ENTRIES SUPPLIED -

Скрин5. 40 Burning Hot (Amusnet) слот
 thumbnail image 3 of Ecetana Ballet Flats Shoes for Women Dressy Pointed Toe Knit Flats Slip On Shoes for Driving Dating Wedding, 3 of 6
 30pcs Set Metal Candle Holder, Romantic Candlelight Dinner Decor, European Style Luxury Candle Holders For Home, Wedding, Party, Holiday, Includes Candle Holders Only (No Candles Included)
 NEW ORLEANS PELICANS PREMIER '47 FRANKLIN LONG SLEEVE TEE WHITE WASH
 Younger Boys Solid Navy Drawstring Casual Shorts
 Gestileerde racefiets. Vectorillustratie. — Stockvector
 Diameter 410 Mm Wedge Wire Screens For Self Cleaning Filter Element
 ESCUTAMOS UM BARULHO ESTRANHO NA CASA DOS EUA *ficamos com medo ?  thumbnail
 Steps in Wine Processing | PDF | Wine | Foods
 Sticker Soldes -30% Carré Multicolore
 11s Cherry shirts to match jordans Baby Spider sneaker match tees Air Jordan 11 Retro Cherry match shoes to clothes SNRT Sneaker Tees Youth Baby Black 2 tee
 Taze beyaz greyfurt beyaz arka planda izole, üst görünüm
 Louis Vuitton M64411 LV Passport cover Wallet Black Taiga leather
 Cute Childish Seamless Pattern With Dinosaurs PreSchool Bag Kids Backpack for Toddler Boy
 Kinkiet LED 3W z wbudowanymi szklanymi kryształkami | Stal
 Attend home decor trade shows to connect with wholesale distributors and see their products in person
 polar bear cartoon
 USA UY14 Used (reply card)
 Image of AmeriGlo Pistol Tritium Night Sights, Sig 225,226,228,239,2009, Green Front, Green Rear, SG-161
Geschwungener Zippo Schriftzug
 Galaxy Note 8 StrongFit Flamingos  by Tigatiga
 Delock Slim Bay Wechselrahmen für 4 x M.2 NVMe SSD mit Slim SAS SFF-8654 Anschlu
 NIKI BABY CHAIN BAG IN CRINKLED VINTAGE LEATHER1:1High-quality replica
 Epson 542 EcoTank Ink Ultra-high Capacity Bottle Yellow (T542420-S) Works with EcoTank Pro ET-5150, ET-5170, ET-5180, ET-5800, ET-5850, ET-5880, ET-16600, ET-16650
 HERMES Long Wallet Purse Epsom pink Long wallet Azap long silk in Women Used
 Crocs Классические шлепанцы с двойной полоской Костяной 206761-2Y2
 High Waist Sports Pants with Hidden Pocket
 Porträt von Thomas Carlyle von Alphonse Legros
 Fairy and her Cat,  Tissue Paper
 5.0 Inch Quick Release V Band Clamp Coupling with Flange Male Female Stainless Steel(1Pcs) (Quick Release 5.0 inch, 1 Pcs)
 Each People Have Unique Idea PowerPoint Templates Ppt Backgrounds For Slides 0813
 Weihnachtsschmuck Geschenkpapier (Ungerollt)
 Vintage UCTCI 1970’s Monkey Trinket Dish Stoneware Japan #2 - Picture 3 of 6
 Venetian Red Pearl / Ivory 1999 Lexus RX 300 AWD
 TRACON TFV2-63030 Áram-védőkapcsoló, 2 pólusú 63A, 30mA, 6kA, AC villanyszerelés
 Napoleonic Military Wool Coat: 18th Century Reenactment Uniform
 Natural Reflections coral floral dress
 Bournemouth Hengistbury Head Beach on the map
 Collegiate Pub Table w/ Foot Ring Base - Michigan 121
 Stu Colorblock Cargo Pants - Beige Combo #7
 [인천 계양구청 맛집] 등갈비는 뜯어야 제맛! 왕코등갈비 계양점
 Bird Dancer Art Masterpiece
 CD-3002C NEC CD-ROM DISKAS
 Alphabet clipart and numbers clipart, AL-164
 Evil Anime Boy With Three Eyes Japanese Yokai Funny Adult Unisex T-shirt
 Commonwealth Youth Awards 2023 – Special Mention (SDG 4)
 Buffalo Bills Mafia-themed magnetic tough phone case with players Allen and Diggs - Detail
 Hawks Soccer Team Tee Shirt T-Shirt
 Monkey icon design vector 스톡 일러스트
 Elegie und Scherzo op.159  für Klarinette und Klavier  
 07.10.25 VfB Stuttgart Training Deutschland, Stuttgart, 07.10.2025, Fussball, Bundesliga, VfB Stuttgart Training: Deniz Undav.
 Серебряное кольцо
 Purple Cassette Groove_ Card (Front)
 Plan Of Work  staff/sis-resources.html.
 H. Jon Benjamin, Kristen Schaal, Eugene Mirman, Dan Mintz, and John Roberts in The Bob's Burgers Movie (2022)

PROBLEM STATEMENT - Show every line in the entries where the string "Monkey" occurs.

WRITTEN REPLY -
 Vintage UCTCI 1970’s Monkey Trinket Dish Stoneware Japan #2 - Picture 3 of 6
 Monkey icon design vector 스톡 일러스트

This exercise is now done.